WASHINGTON — Delivering a customized experience to customers is all important, but creating such experiences and keeping customers coming back requires technology complemented by the human element, speakers contended on day one of the CRM Evolution 2017 conference.

“Software does not replace strategy,” Michael Fauscette, chief research officer at G2 Crowd, told the audience during his session “View From the Crowd: Digital Marketing.” He outlined the advantages of pairing analytics with a psychological understanding of customers’ individual preferences. “You can take analytics and psychometrics and combine them to get a behavioral model that lets you start to target in a much more micro-targeted way, because you can figure out what the person is looking for, when they’re looking for it, how they want it delivered, where they want their messages delivered…and how often,” he said. The combination of the two can determine a customer’s “tolerance for your delivery of content” as well as “the optimal way to deliver that content.”

Predictive analytics, too, should be put at the service of giving customers personalized experiences. “The promise of predictive analytics is about personalization—it’s not just having a segment, but the ability to send exactly the right message to exactly the right person at exactly the right time, with ‘exactly’ being the payoff that they’re actually going to buy,” said Steven Ramirez, CEO at Beyond the Arc, in his session “The Marketer’s Cookbook: Recipes for Using Predictive Analytics.” “Even though we have segments, we’re not thinking about [customers] as a segment; we have the promise of an individualized approach.”

Ramirez identified three steps to building a predictive analytics model: data collection and preparation; the creation and evaluation of a model; and the deployment of customer information into the model. “The fuel for predictive analytics is…[what] we can consider as data.
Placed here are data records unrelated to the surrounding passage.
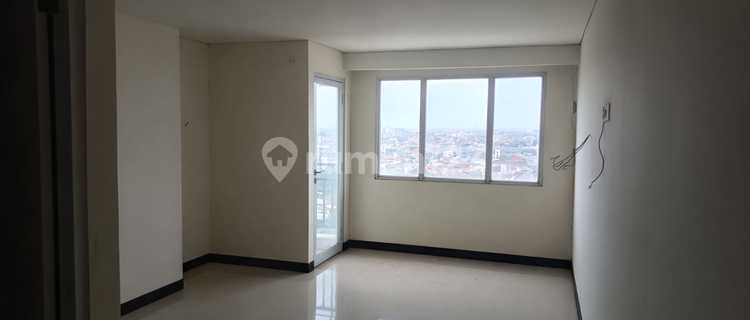 Quick & Cheap Sale!! Sentraland Apartment Semarang Integrated with Hotel and Supermarket. Location Near Simpang Lima Semarang, Right in the Heart of Semarang City. 1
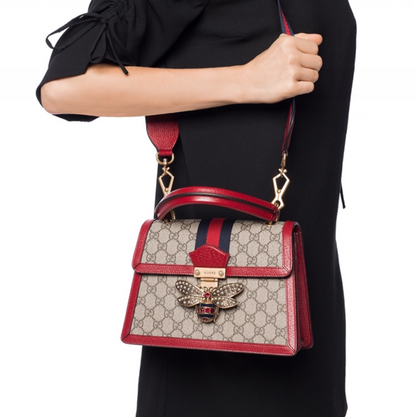 GG  476541 QueenMargaret size 25.5*17.5*13cm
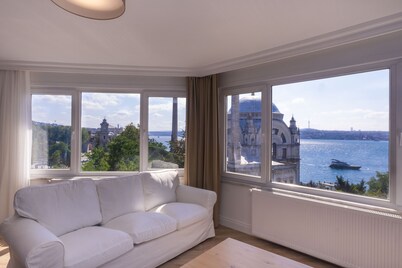 Contemporary Waterfront Apt. with a Stunning View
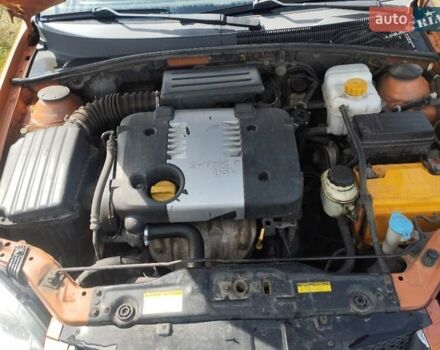 Помаранчевий Шевроле Лачетті, об'ємом двигуна 1.8 л та пробігом 207 тис. км за 4400 $, фото 2 на Automoto.ua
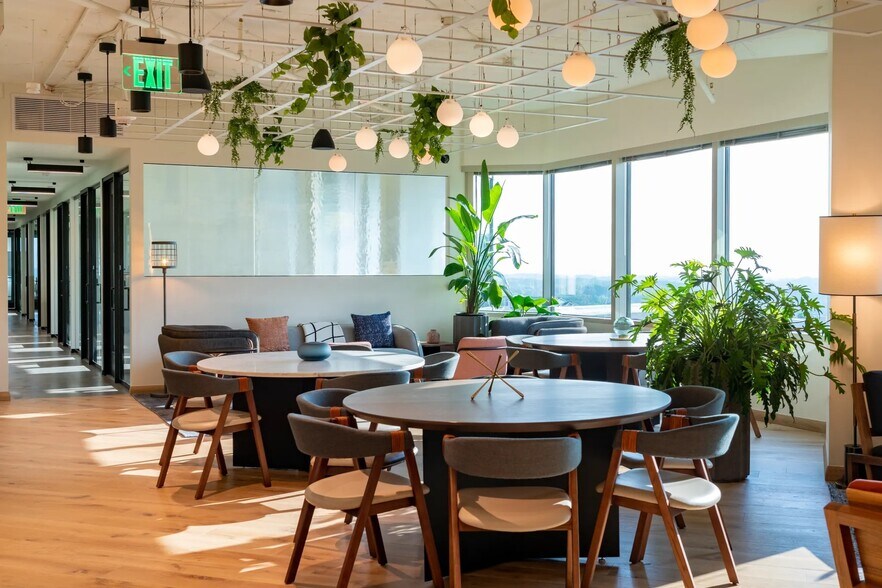 1660 International Dr, McLean, VA à louer - Photo intérieure - Image 3 de 6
It’s not that the data is different, [it’s that] there are some things that we never actually thought of as data that we could use as part of predictive analysis,” he added.

But it’s important not to view customers as abstractions, said Randi Busse, president at Workforce Development Group, during her session “Turning Customers into Brand Advocates.” “We look at customers as numbers—we look at them as interruptions, instead of as the reason we’re here in the first place,” she told the audience. “We act like the people we are serving are the enemy.”

“Customers want to be loyal to you; they don’t want to have to go look for a new bank, for a new insurance company, they don’t want to have to go look for a new doctor,” she continued. “But we don’t necessarily roll out the red carpet and make it easy for them to remain loyal to us. If you want your customers to be brand advocates, you’ve got to act like it, and it starts with who you’re hiring, and who you have representing your business…and how easy you’re making it for your employees to go above and beyond to delight customers.”

She noted that companies need to realize they’re not alone in competing for customers’ business. “Your customers have choices, and the experience that you provide is often the only differentiator between you and your competition.” Busse outlined seven components in turning customers into brand advocates: (1) treat customers like they are family; (2) be where your customers are; (3) solicit feedback and act on it; (4) make it easy for customers; (5) put yourself in your customer’s shoes; (6) provide a consistent human-to-human experience; and (7) provide a customized experience.